With defense spending on auditing approaching a billion dollars a year, it was clear it would take a decade or more to catch up to the audit standards of private companies. But no single company or even entire industry was spending this much money on auditing. And remarkably, the Defense Department seemed intent on doing the same thing year after year, just with more people and with a few more tools and processes to get incrementally better. It dawned on me that if we tried to look over the horizon, the department could audit faster, cheaper, and more effectively by inventing the future tools and techniques rather than repeating the past.

Nothing in our charter asked the advisory board to invent the future. But I found myself asking, “What if we could?” What if we could provide the defense department with new technology, new approaches to auditing, analytics practices, audit research, and standards, all while creating audit and data management research and a new generation of finance applications and vendors?

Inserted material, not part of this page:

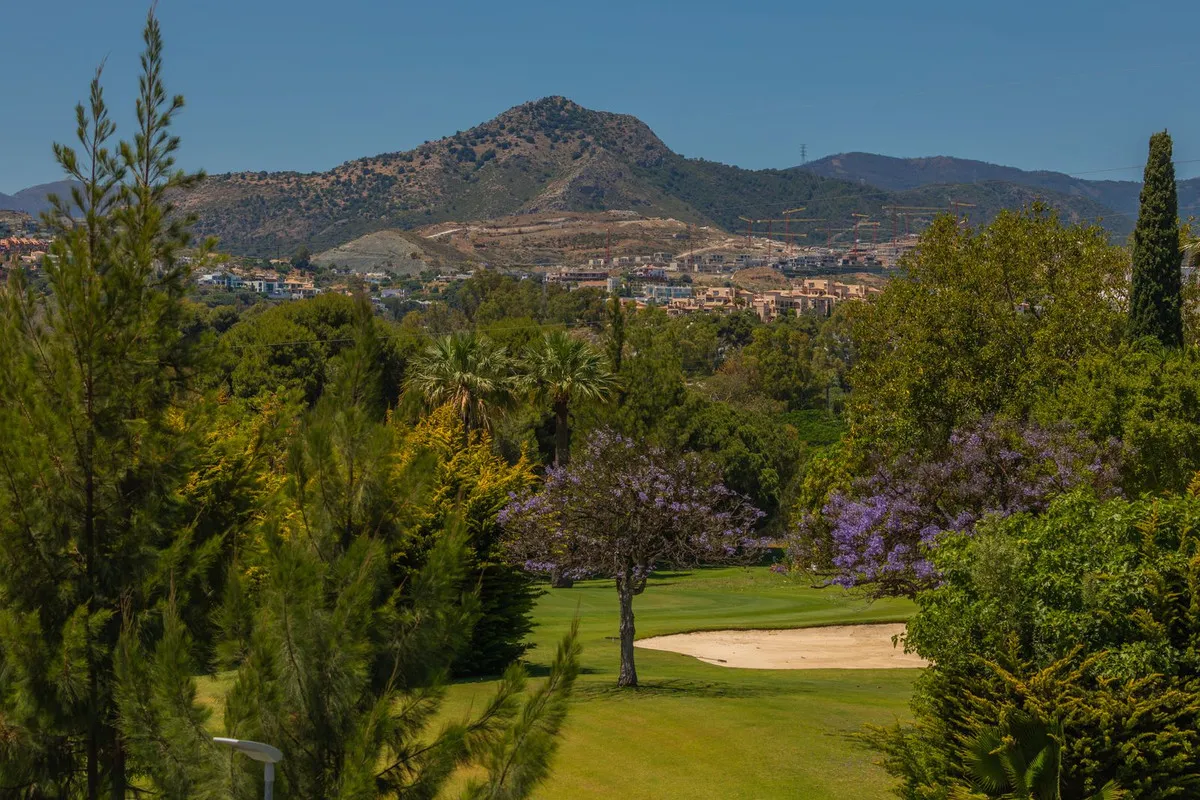 7191f916-5fb1-498a-8e37-fd489d791890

The Pentagon Once Led Business Innovation
I reminded my fellow advisory board members that in 1959, at the dawn of the computer age, the Defense Department was the largest user of computers for business applications.

By investing 10 percent of the existing auditing budget over the next few years, these activities would create a defense audit center of excellence that would fund academic centers for advanced audit research, standup “future of audit” programs that would create new 5-10 startups each year, be the focal point for government an industry finance and audit standards, and create public-private partnerships rather than mandates.

Spinning up these activities up would dramatically reduce the department’s audit costs, standardize its financial management environment, and provide confidence in their budget, auditability, and transparency. And as a bonus, it would create a new generation of finance, audit and data management startups, funded by private capital.

The Road Not Taken
I was in awe of my fellow advisory board members. They had spent decades in senior roles in finance and accounting in both the public and private sectors. Yet, when I pitched this idea, they politely listened to what I had to say and then moved on to their agenda – providing the DoD with Incremental improvements.

At the time I was disappointed, but not surprised. An advisory board is only as good as what it’s being chartered and staffed to do. If they are being asked to provide a 10 percent incremental advice, they’ll do so. But if they’re asked for revolutionary i.e. 10x advice, they can change the world. But that requires a different charter, leadership, people, innovation, and imagination.